● **ASSIGNMENT**: Every line that holds the word "column" needs to be copied from the data below.

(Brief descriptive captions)
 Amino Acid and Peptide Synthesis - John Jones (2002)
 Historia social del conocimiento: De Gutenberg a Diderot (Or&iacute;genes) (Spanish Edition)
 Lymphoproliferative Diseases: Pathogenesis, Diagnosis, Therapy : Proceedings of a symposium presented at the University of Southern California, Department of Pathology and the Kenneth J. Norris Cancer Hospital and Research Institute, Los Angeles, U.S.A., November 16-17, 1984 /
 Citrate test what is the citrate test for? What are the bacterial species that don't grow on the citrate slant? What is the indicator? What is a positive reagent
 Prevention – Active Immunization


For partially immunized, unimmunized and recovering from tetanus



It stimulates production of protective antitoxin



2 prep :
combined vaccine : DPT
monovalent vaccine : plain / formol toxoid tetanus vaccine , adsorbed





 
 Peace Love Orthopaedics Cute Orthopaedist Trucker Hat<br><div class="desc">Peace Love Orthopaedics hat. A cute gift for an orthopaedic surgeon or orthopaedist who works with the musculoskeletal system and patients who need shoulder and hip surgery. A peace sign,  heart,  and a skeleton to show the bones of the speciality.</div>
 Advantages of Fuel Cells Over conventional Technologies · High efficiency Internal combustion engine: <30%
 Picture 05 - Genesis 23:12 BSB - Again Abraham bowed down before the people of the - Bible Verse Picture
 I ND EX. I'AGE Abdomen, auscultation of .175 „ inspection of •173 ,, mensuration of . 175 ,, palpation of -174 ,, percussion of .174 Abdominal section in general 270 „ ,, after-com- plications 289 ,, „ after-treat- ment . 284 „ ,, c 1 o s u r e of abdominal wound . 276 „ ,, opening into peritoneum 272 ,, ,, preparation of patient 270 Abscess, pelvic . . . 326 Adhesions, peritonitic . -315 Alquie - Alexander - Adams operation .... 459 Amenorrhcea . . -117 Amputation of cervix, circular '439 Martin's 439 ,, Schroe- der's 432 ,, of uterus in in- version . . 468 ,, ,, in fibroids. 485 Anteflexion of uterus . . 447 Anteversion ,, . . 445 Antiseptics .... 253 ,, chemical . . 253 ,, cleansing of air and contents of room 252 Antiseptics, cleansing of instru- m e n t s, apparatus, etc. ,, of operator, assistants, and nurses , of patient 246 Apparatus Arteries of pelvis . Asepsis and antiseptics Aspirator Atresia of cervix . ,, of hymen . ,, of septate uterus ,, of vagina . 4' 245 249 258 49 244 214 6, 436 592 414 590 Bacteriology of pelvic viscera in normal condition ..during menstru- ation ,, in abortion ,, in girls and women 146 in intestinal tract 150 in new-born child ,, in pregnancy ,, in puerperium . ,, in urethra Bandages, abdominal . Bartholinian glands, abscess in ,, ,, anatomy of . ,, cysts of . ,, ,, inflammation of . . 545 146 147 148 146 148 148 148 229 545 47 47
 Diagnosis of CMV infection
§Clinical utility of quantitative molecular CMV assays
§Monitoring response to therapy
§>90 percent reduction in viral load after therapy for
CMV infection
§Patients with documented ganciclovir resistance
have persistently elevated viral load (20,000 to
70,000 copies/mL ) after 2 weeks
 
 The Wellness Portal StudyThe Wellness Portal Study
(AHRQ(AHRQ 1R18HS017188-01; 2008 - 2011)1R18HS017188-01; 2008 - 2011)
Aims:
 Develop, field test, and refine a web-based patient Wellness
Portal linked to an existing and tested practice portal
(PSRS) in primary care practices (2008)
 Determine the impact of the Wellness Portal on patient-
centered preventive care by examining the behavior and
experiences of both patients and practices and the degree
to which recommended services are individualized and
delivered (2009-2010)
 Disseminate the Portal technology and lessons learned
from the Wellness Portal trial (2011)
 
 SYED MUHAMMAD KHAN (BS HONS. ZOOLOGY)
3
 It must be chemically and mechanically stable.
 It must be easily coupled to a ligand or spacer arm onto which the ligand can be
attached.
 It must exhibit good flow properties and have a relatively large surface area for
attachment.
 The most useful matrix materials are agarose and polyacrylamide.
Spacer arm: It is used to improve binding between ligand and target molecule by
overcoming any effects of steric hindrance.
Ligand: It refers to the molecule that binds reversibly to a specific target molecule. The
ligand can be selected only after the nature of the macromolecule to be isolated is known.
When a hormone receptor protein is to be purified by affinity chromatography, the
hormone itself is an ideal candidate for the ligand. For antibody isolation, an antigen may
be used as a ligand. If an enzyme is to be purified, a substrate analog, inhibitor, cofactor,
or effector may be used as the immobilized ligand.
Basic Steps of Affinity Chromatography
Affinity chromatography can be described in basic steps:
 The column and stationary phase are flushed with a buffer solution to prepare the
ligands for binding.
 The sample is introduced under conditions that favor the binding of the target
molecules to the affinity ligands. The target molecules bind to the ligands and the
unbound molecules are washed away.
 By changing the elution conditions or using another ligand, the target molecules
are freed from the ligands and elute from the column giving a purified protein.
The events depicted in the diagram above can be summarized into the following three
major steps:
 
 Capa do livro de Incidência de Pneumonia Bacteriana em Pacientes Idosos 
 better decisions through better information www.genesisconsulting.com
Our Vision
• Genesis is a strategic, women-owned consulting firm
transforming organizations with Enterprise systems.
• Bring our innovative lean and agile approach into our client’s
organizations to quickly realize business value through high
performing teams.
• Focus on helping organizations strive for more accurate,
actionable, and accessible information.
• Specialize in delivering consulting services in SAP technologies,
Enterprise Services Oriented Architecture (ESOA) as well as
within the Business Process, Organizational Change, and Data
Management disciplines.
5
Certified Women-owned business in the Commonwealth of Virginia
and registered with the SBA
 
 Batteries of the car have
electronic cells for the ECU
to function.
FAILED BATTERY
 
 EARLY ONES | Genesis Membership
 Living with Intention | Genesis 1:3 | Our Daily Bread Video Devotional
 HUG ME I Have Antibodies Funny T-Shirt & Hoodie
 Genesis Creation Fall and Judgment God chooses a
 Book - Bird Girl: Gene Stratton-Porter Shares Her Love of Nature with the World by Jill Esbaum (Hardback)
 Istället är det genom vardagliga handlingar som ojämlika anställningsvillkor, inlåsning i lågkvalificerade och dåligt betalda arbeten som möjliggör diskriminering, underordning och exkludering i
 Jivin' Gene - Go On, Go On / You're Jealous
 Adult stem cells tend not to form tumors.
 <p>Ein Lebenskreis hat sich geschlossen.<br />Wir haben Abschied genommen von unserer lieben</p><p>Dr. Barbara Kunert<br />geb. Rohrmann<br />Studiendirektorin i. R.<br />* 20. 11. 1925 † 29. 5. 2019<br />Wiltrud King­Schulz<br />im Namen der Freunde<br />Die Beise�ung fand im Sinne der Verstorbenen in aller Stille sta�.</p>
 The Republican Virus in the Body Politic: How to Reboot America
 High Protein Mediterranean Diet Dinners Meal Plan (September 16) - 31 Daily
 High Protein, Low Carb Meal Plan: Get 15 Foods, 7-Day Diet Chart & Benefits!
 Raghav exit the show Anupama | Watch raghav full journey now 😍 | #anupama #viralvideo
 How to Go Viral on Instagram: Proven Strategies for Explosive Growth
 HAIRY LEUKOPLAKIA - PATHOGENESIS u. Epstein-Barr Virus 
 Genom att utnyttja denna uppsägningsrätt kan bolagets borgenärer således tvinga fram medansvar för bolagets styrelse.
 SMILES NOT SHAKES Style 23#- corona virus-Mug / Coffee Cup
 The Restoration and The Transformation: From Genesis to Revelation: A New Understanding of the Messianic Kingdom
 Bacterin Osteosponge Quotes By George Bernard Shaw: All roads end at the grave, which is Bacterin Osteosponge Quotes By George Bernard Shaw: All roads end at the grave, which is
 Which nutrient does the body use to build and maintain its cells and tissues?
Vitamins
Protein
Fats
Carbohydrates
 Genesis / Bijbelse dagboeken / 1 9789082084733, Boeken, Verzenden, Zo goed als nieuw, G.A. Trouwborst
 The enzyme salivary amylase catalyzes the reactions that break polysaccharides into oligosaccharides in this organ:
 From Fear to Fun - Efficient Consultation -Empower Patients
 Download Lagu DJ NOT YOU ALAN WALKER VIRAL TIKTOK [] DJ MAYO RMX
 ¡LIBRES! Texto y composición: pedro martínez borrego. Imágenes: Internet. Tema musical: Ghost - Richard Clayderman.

● **RESPONSE**:
 The column and stationary phase are flushed with a buffer solution to prepare the
are freed from the ligands and elute from the column giving a purified protein.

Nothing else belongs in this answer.